Ir às compras, dar um passeio no parque, cantar no chuveiro, comer um gelado, correr à chuva…

Ao afastarmos a nossa mente da torrente infindável de informação o tempo passa a correr mais devagar. A nossa criatividade tem finalmente a oportunidade para vir à tona. Depois de tanto tempo enterrada na lama, sufocada com a próxima tragédia do horário nobre.

Não acreditas em mim? Desafio-te a sair deste blog, a desligar o computador e ir espreitar a paisagem pela janela. Tenta vê-la como se fosse a primeira vez… Não te sentes melhor?

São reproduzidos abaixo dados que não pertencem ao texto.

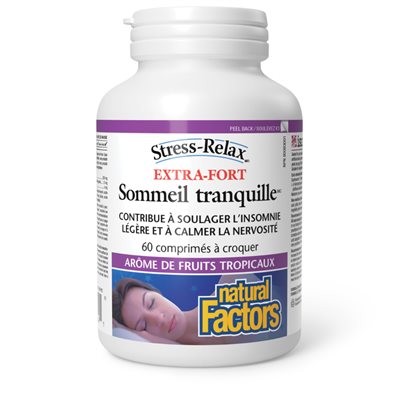 Natural Factors Tranquil Sleep® Extra Strength 60 Chewable Tablets Tropical Fruit Flavour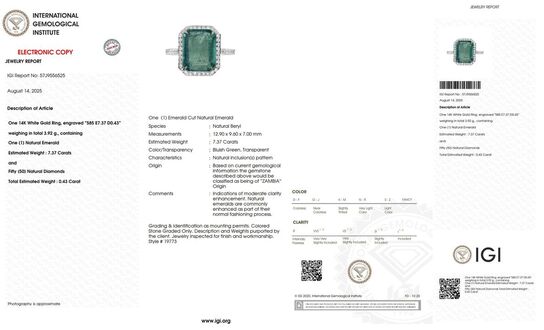 7,80 ct. meget fin smaragd og diamantring i 18 kt. hvidguld. IGI.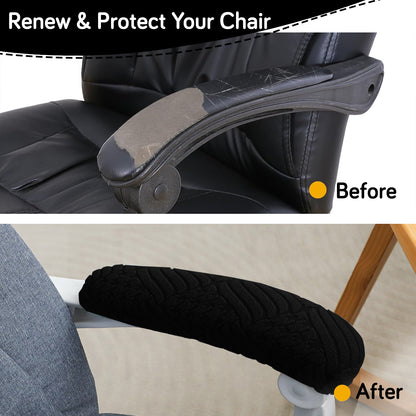 170gsm Jacquard Armrest Covers for Office Chair (Elastic Style), 1 Pair, Black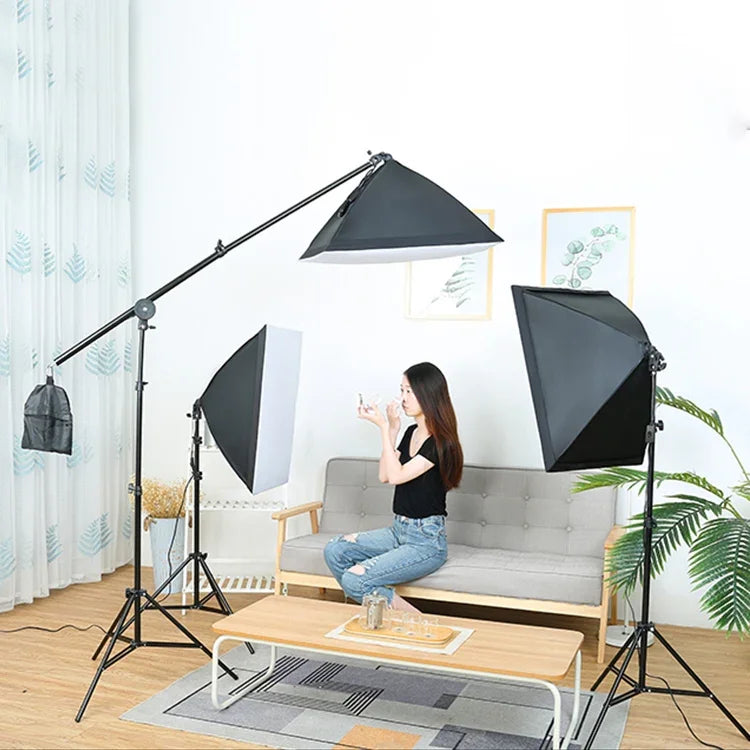 صندوق إضاءة ناعم بحجم 50x70 سم + حامل ثلاثي لإضاءة التصوير بطول 2 متر + ذراع دعامة عرض، مجموعة إضاءة فلاش استوديو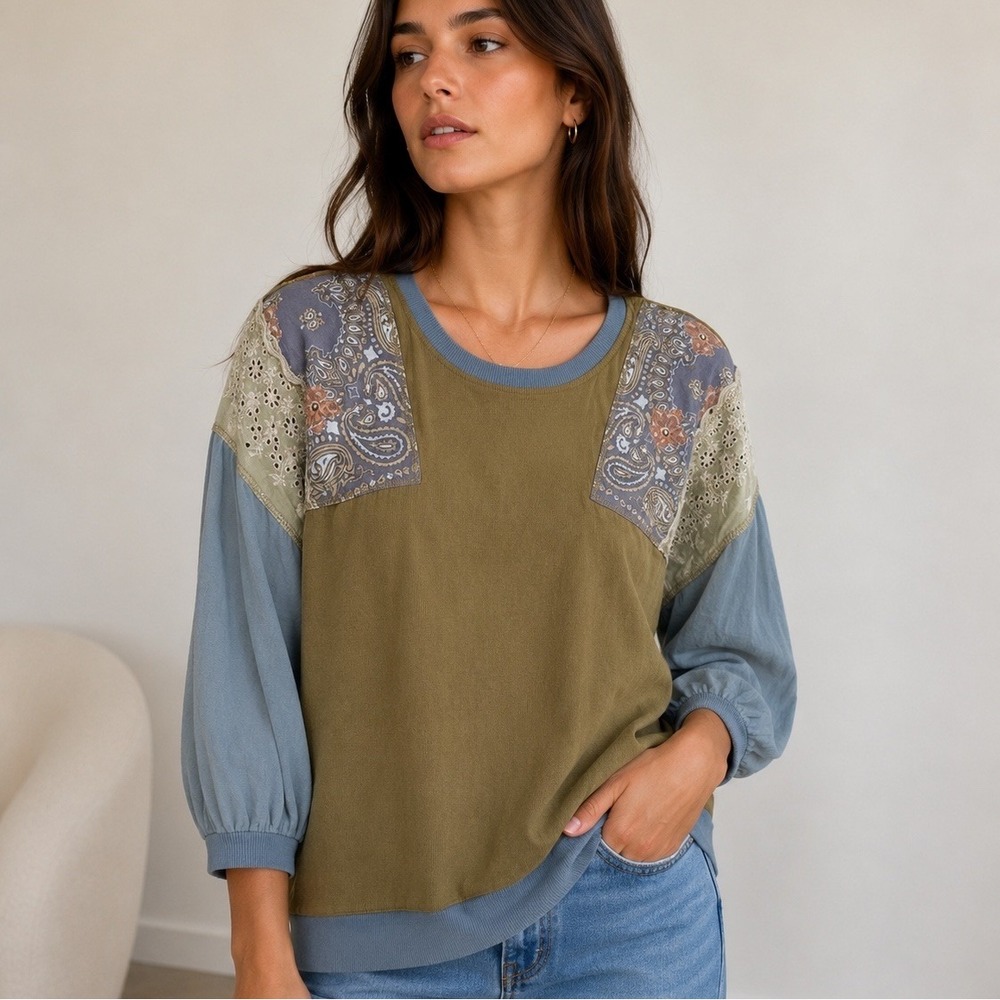 We The Free Free People XS Handkerchief Patchwork Boho Western Tunic Top Blue
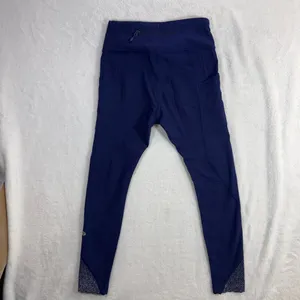Lululemon XS Tight Stuff Navy Blue Reflective‎ Running Night Ankle Legging Gym thumbnail 4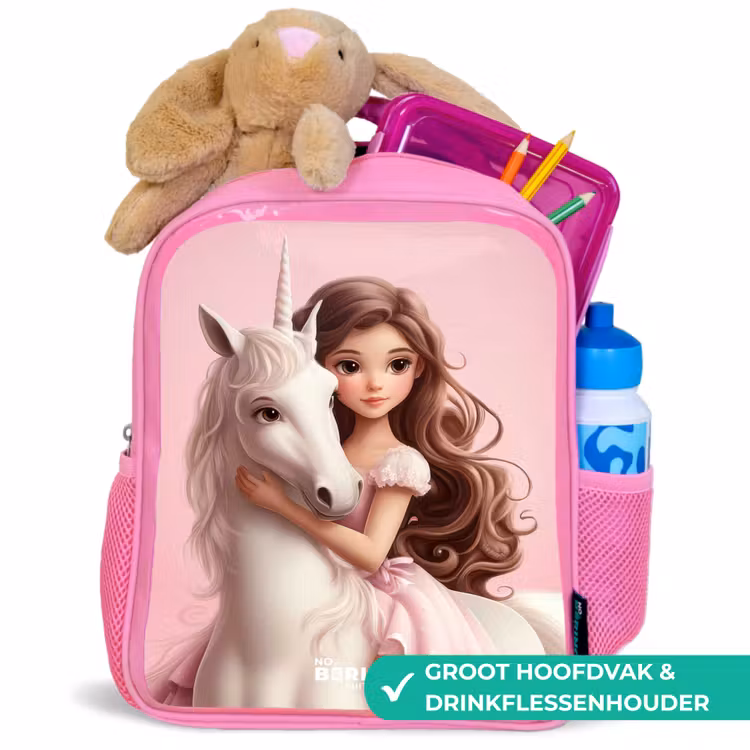 Kinderrugzak - Roze - Meisje met witte eenhoorn op roze achtergrond — 2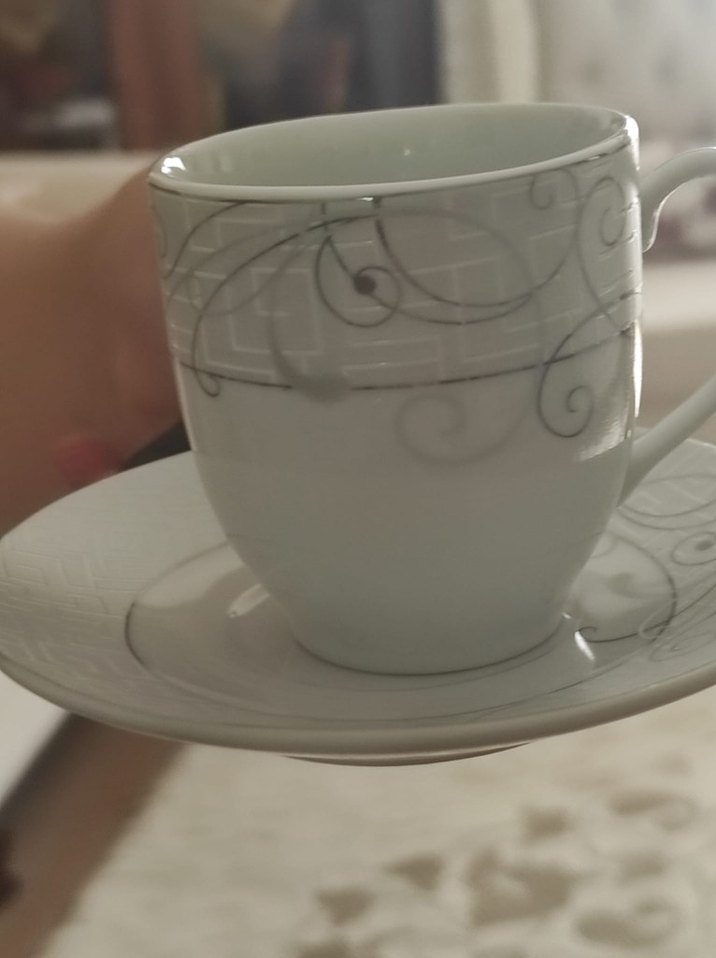 Gri Desenli Beyaz Porselen Fincan Seti (6lı) - Görsel 3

Nas eternas palavras de Horácio:
Carpe diem, quam minimum credula postero
(aproveita o dia, sem te preocupares demasiado com aquilo que o futuro te reserva)

2 comentários:

Paulo Roberto | 6 de junho de 2011 às 00:36

Olá,
A quantidade de informação que chega a nós por dia é de deixar qualquer um louco, mas o pior é a facilidade com que nos perdemos na futilidade que a internet nos proporciona. Hoje o que eu mais prezo é o verdadeiro valor do silêncio depois de um dia exaustivo, não existe nada melhor para deixar a mente relaxada e saudável.

Abraços.

Ana Reis | 7 de junho de 2011 às 11:57

Olá Paulo, muito obrigada pela tua visita e pelo comentário.
Concordo contigo, o nível de informação a que nos habituamos deveria deixar qualquer um louco. O problema é que tem sido uma escala gradual, por isso, sem nos darmos conta o nível de informação vai aumentando aos poucos enquanto a nosso nível de concentração baixa a pique.
Nada melhor do que uns momentos de silêncio para compensar isso. Embora, o difícil seja convencermo-nos a nós próprios que não precisamos de estar informados sobre tudo a todo o momento!